APPEAL from a judgment and an order of the circuit court for Dane County:  Mark J. Farnum, Judge.  Affirmed. 

Before Roggensack, Deininger and Lundsten, JJ.

1                        PER CURIAM.   Eugene Lee appeals a judgment convicting him as a felon in possession of a firearm, as a repeat offender.  He also appeals an order denying his motion for postconviction relief.  The issue on appeal is whether the trial court properly admitted certain testimony at his trial.  We affirm.

2                        The State tried Lee on charges of possessing a firearm and possessing cocaine with intent to deliver.  The firearm charge resulted from the discovery of a handgun hidden in Lee’s shoe during a search of his motel room.  When police officer Luedtke asked Lee about the gun, Lee stated that it was put there by a man named Trig.  When Luedtke asked why Trig would put a gun in a shoe in Lee’s room, Lee responded, “to use it to fuck your wife with.”

3                        Prior to his jury trial, Lee moved to exclude the above-quoted statement from evidence as irrelevant and unfairly prejudicial.  The trial court denied the motion, concluding that the language Lee used no longer shocked the hearer as it once did.  The court did conclude, however, that the statement had limited relevance. 

4                        The State did not use the statement until, on cross-examination, Lee denied that Luedtke asked him why Trig hid the gun in his room.  The prosecutor then asked Lee if he made the statement, and Lee admitted he did.  Later, on rebuttal, Lee objected when the prosecutor asked Luedtke what Lee said.  The court allowed Luedtke to quote Lee after the prosecutor mistakenly asserted that Lee had denied the statement on cross-examination.

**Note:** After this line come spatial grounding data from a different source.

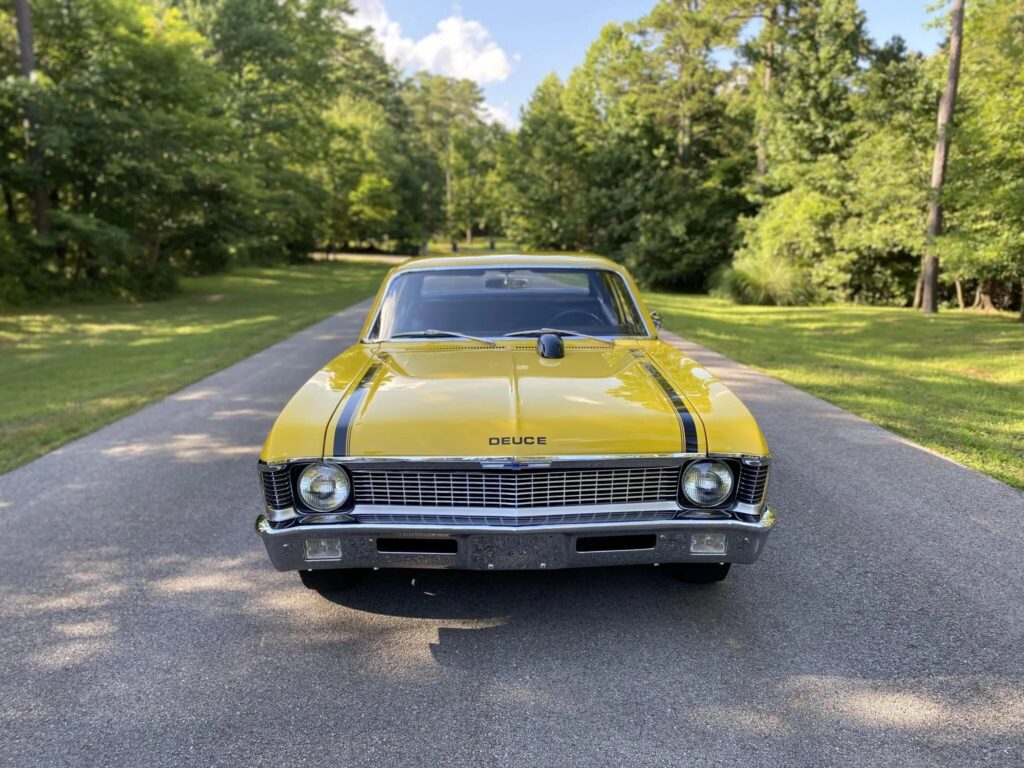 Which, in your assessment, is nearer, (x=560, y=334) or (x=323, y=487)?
(x=323, y=487)

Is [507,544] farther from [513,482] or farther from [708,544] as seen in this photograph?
[708,544]

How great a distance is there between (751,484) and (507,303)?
2.06 metres

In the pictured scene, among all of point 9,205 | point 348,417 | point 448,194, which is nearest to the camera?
point 348,417

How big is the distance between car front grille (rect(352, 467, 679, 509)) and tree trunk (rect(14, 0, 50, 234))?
1920 centimetres

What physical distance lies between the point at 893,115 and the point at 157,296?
22.8 metres

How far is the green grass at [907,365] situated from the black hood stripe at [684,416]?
322cm

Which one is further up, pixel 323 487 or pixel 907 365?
pixel 323 487

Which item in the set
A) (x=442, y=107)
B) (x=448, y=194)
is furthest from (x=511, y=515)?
(x=442, y=107)

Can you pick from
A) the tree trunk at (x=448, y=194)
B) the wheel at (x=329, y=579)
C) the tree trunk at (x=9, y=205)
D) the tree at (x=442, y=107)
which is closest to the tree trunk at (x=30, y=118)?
the tree trunk at (x=9, y=205)

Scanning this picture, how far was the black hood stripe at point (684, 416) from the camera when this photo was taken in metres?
2.87

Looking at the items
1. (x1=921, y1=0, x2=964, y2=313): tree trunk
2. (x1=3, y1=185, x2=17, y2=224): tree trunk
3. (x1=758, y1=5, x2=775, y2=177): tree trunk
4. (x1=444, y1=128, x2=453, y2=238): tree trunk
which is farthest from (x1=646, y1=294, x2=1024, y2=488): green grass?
(x1=444, y1=128, x2=453, y2=238): tree trunk

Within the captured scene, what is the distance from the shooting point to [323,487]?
2.89m

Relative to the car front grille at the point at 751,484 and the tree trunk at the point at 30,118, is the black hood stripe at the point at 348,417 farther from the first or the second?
the tree trunk at the point at 30,118

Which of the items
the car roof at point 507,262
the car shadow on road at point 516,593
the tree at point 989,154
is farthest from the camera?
the tree at point 989,154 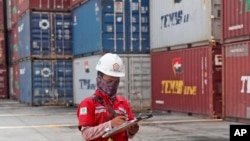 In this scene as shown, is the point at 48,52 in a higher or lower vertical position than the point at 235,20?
lower

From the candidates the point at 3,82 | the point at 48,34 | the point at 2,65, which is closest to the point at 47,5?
the point at 48,34

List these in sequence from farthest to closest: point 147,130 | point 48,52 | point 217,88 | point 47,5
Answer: point 48,52
point 47,5
point 217,88
point 147,130

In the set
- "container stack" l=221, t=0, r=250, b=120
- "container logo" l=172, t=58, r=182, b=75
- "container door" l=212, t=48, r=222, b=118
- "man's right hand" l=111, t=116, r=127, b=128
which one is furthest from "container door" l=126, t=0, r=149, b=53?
"man's right hand" l=111, t=116, r=127, b=128

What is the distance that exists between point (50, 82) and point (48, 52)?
1.58 metres

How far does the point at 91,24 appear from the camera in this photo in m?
20.5

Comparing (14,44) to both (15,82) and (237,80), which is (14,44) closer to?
(15,82)

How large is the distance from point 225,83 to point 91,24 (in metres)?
7.90

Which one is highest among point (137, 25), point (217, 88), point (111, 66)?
point (137, 25)

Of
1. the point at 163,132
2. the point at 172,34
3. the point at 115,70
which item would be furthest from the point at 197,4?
the point at 115,70

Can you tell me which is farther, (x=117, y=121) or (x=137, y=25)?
(x=137, y=25)

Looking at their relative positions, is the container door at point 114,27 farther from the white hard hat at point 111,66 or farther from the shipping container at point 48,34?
the white hard hat at point 111,66

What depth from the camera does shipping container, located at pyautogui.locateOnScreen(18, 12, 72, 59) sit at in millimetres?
23953

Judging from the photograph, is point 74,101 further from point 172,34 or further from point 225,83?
point 225,83

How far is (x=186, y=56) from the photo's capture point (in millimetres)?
16500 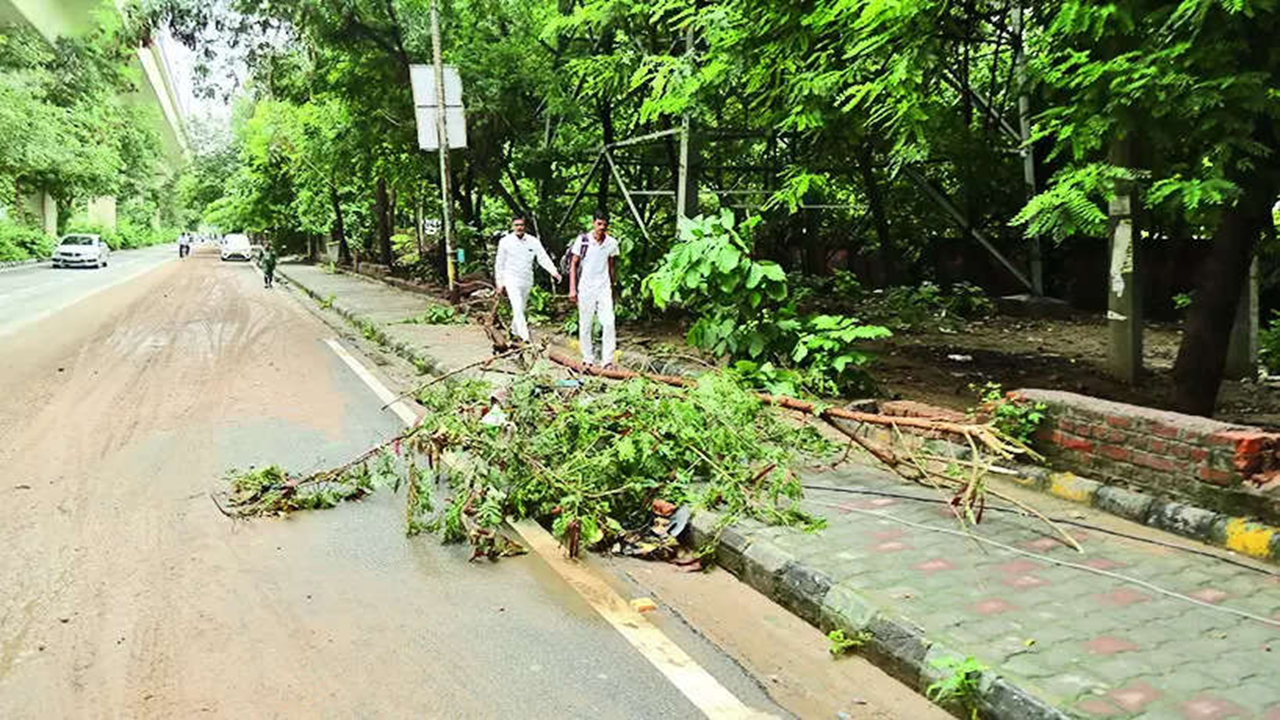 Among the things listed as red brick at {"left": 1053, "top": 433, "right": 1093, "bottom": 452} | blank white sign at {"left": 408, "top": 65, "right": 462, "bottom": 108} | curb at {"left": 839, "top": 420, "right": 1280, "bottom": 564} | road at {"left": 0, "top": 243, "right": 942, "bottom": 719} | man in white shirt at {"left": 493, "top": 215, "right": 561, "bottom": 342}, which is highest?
blank white sign at {"left": 408, "top": 65, "right": 462, "bottom": 108}

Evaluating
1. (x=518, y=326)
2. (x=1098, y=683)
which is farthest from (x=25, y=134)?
(x=1098, y=683)

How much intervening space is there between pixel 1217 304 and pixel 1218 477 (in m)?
2.27

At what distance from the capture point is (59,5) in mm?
42188

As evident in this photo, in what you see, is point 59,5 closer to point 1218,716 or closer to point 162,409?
point 162,409

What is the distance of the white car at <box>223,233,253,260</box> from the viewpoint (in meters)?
51.4

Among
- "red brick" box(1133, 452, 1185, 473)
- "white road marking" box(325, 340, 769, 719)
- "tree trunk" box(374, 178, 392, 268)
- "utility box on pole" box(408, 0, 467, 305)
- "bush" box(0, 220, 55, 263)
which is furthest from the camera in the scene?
"bush" box(0, 220, 55, 263)

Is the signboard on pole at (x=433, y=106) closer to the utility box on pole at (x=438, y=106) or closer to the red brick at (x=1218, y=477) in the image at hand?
the utility box on pole at (x=438, y=106)

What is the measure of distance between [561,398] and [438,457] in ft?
2.94

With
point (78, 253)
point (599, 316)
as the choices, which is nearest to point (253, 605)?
point (599, 316)

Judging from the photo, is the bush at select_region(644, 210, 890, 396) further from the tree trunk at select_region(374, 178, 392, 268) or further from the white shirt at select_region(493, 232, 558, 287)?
the tree trunk at select_region(374, 178, 392, 268)

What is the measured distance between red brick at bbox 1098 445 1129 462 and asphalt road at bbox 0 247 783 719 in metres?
2.74

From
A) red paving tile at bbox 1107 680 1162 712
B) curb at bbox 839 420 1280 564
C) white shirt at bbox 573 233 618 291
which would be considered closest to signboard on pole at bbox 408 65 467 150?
white shirt at bbox 573 233 618 291

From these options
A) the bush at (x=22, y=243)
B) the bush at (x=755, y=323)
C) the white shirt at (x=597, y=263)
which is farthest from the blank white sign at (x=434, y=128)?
the bush at (x=22, y=243)

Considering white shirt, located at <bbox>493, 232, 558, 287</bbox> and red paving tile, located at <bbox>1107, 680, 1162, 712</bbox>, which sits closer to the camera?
red paving tile, located at <bbox>1107, 680, 1162, 712</bbox> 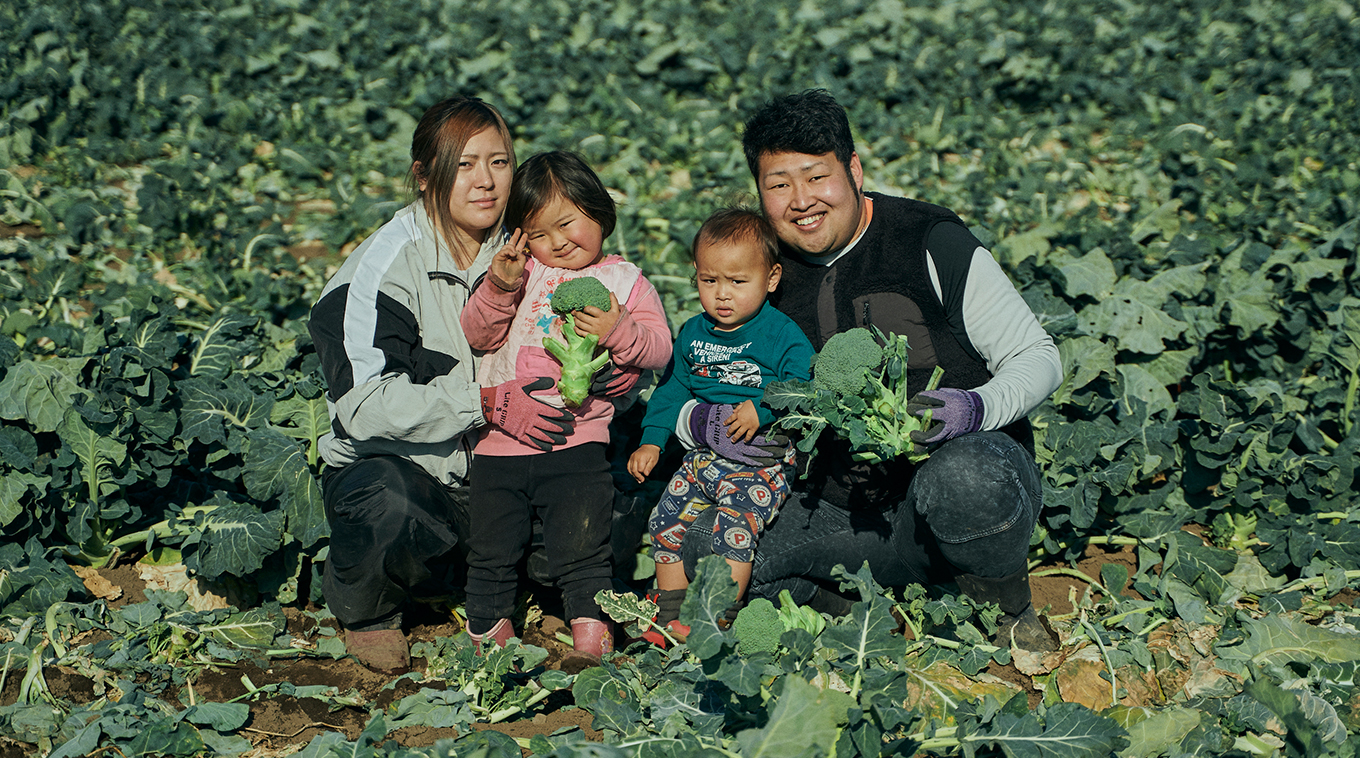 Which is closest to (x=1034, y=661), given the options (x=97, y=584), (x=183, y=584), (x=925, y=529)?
(x=925, y=529)

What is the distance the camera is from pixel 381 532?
3.16 metres

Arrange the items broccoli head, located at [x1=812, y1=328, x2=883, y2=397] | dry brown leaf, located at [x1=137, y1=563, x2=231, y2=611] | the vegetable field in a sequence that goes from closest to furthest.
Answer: the vegetable field
broccoli head, located at [x1=812, y1=328, x2=883, y2=397]
dry brown leaf, located at [x1=137, y1=563, x2=231, y2=611]

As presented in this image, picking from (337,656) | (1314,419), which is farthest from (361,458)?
(1314,419)

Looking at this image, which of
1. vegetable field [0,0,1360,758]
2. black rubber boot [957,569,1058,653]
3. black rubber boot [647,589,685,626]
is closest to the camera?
vegetable field [0,0,1360,758]

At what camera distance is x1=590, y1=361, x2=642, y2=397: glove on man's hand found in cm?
335

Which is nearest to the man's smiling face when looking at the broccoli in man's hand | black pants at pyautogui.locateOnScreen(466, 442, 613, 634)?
the broccoli in man's hand

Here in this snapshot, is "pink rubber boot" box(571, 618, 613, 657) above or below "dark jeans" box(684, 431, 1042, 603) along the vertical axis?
below

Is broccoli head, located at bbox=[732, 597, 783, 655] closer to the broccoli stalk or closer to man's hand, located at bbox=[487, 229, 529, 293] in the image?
the broccoli stalk

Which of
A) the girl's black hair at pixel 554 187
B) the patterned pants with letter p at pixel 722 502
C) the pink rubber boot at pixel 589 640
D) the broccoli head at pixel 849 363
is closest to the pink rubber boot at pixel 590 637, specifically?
the pink rubber boot at pixel 589 640

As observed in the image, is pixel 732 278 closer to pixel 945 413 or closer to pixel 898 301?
pixel 898 301

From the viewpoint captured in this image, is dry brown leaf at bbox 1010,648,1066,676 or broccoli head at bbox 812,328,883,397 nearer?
broccoli head at bbox 812,328,883,397

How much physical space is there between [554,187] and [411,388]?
2.60 feet

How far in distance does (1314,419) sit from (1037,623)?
5.53 ft

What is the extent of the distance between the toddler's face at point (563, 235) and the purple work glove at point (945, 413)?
46.3 inches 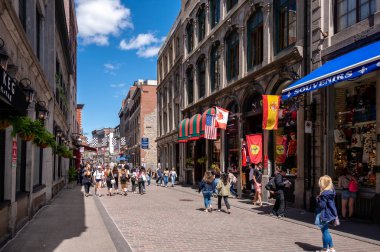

5                        The jury subsequently found Lee guilty on the firearm charge and acquitted him of possessing cocaine with intent to deliver.  The trial court entered judgment on the verdict and denied postconviction relief, resulting in this appeal. 

6                        Evidence is relevant and admissible if it has any tendency to make the existence of a consequential fact more or less probable than it would be without the evidence.  Wis. Stat. §§ 904.01 and 904.02 (1999-2000).[1]  Relevant evidence may nevertheless be excluded if its probative value is substantially outweighed by the danger of unfair prejudice.  Wis. Stat. § 904.03.  The trial court has broad discretion in applying these standards.  Ansani v. Cascade Mountain, Inc., 223 Wis. 2d 39, 45, 588 N.W.2d 321 (Ct. App. 1998).  We will uphold discretionary determinations if the trial court examined the relevant facts, applied the proper standard of law and reached a reasonable conclusion.  Id. at 45-46. 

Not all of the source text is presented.